Strictly speaking it’s been 68 years but we get the idea.
For links to videos see the original IB Times report.
For the first time in 70 years, the full moon will rise on the day of the summer solstice. The rare astronomical event will occur on Monday (20 June 2016) and will be observed all around the world.
Solstices happen twice a year and correspond to the moment when the sun reaches its highest or lowest point from Earth as it orbits the Sun.
In the Northern Hemisphere, the June solstice marks the beginning of summer and is the longest day of the year, because it has the longest period of daylight. [Well, yes.]
Watch it as it happens
The full moon can generally be seen as a month comes to end, and mathematical models predict that it can only exactly fall on the day of a solstice every 15 years.
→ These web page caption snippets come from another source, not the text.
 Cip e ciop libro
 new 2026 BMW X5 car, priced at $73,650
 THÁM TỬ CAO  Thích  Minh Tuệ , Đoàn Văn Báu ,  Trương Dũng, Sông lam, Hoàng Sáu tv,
In reality, a full solstice moon in June has not been observed for a lot longer – since 1948, in fact.
Slooh’s astronomers will broadcast the event live from their community observatory in the Canaries and the result can be watched [see link below for details] on 20 June at 01:00 UK time.
Alternatively, viewers can also go to Slooh.com to watch the broadcast, snap and share photos, chat with other audience members, interact with the hosts and personally control Slooh’s telescopes.
During the event, astronomers will discuss the significance of the two events – the solstice and the full moon – happening at the same time. They will explore the importance of the solstice as a seasonal celebration in cultures across the world and throughout history.